Does that really look dangerous? Look at all those attachments to the mountain! Look how thick that rope is! Why is this excluded while backcountry skiing and swimming with sharks is not? /rant
If you are dealing with an objective agent:
- They will be professionally firm and help you navigate if a slightly modified offer from Company A truly is better than an offer from Company B that is not modified. Would you take a disability insurance policy that did not protect your own occupation as a surgeon because it excluded a hazardous activity like free climbing? (By the way, all high quality carriers will likely exclude free climbing.)
- They will help you compare carriers, their respective pricing, the contract features & language, and advise you of what best fits you as a client, not them as a person with a sales goal.
- If you flip over their business card and read the fine print, they should be able to cogently explain which company or companies they represent and how they intend to serve you as a client.
In the end, your insurance agent should be sitting on the same side of the table as you – their client, not an insurance company.
[Editor's Note: One other option not mentioned by Mr. Warren is to purposely choose a less than ideal group policy for part or all of your insurance coverage. Group policies available through your employer or professional association may not be portable and may offer less comprehensive coverage, but what they often don't do is ask pesky questions about your health and recreational activities. You may find it less important to have true own-occ coverage, portability, or a high-quality inflation rider than to have your SCUBA diving, anxiety, or knee injury covered. Be sure to discuss ALL your options, even if you have a truly independent agent (who won't get a commission at all if you go with a group policy.) One additional benefit of that group policy is it is likely MUCH cheaper, at least while you are young, allowing you to buy more coverage.]
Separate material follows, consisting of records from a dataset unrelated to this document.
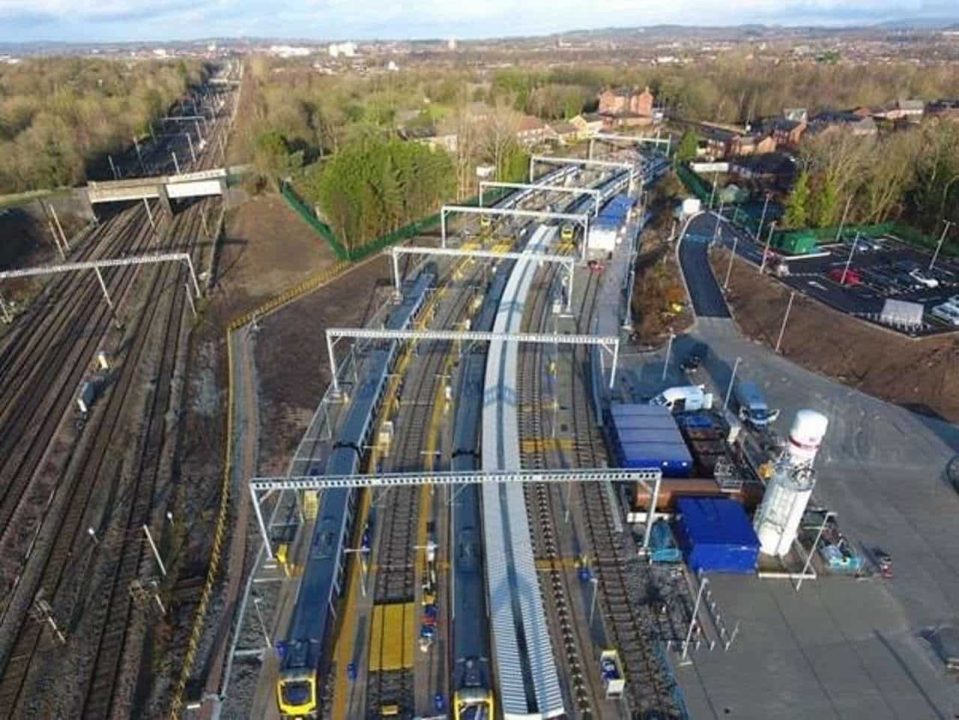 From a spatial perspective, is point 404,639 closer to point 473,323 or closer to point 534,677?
point 534,677

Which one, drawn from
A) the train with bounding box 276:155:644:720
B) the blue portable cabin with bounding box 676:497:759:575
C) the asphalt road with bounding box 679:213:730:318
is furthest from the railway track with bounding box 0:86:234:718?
the asphalt road with bounding box 679:213:730:318

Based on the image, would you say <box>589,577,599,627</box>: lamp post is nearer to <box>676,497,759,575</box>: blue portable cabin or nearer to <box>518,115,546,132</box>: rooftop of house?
<box>676,497,759,575</box>: blue portable cabin

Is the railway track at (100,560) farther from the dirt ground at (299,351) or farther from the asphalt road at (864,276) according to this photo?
the asphalt road at (864,276)

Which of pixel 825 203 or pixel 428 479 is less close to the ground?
pixel 428 479

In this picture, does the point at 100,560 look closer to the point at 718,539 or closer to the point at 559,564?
the point at 559,564

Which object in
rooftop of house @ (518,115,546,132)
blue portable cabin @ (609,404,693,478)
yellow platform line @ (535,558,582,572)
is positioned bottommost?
yellow platform line @ (535,558,582,572)

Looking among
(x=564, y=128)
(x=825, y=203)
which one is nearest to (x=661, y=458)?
(x=825, y=203)

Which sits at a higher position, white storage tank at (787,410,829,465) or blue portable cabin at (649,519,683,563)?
white storage tank at (787,410,829,465) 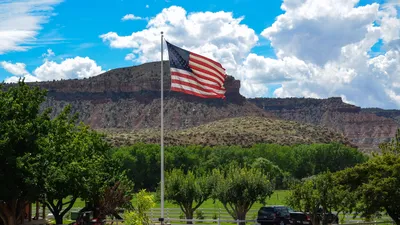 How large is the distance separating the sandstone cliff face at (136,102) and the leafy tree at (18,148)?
125 m

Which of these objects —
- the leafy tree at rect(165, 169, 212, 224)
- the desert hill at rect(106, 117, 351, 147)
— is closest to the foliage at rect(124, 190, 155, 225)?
the leafy tree at rect(165, 169, 212, 224)

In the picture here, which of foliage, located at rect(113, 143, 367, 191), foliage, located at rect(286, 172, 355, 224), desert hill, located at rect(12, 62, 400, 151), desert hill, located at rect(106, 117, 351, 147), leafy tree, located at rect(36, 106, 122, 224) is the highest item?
desert hill, located at rect(12, 62, 400, 151)

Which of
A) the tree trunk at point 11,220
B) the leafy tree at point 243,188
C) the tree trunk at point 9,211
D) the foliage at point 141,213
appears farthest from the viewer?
the leafy tree at point 243,188

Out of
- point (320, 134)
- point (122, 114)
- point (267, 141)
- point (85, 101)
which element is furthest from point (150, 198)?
point (85, 101)

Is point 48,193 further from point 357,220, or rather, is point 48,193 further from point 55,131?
point 357,220

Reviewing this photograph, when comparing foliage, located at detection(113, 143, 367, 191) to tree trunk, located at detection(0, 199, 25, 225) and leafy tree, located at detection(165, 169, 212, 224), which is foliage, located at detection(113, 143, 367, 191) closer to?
leafy tree, located at detection(165, 169, 212, 224)

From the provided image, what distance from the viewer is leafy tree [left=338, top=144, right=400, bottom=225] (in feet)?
94.2

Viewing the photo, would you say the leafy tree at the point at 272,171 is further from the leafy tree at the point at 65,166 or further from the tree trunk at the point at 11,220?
the tree trunk at the point at 11,220

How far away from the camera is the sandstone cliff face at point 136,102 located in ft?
522

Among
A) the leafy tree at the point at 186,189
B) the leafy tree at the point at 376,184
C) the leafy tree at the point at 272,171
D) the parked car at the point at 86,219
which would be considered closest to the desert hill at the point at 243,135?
the leafy tree at the point at 272,171

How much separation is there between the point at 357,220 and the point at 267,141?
82674 mm

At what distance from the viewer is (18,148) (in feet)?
83.4

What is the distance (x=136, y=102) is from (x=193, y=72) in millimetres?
158293

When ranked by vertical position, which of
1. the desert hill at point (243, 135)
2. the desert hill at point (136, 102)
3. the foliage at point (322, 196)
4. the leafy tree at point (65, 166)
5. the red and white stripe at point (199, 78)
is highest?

Have more questions about disability insurance and what kind of policies would be the best for you? Hire a WCI-vetted professional to help you sort it out.
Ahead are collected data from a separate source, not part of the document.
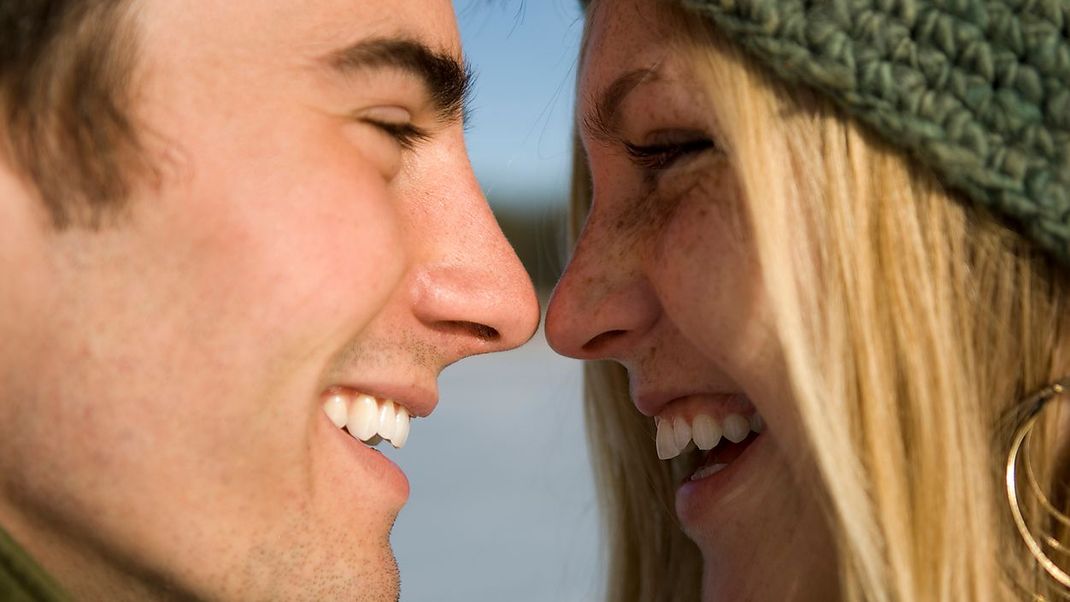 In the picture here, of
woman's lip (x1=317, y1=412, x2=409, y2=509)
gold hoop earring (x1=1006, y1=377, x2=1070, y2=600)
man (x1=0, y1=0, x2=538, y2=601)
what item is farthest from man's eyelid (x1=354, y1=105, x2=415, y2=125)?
gold hoop earring (x1=1006, y1=377, x2=1070, y2=600)

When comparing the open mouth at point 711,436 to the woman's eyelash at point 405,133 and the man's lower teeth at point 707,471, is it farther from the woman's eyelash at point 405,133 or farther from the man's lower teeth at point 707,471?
the woman's eyelash at point 405,133

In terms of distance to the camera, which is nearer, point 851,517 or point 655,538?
point 851,517

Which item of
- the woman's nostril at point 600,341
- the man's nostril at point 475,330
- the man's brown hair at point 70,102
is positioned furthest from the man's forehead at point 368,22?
the woman's nostril at point 600,341

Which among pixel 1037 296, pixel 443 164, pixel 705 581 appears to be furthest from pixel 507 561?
Result: pixel 1037 296

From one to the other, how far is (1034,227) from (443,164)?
0.75 meters

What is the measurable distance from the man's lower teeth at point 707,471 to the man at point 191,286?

What do you think? Do you have an exclusion, limitation or restricted rider on your policy? Have you been able to get one removed? What did you choose to do with regards to health issues or dangerous activities? Why do insurance companies always ask about climbing but never about asphyxiation games? Comment below!
Thanks. Nice overview.
Yet another option is a Guaranteed Standard Issue (GSI) plan. These policies are issued without medical underwriting and are typically available to graduating residents and fellows in certain academic institutions (and in some cases even those that are not graduating).
Carriers such as Ameritas (formerly Union Central), Berkshire (Guardian), MassMutual and Standard make them available at specific institutions. Some of which simply use a conversion program that allows an insured to convert to an individual policy from an underlying employer provided group LTD plan.
Typically, there is an “endorsed agent” that has the ability to provide the plan to the residents and fellows, but agents that work in and/or specialize in the medical marketplace should know of them and be able to point insureds in need of this program to the endorsed agent(s) – even if they cannot provide them to the client directly.
Keep in mind, that at least one of the carriers will take this program “off the table” if an insured has been declined in the past few years by their company or another individual carrier.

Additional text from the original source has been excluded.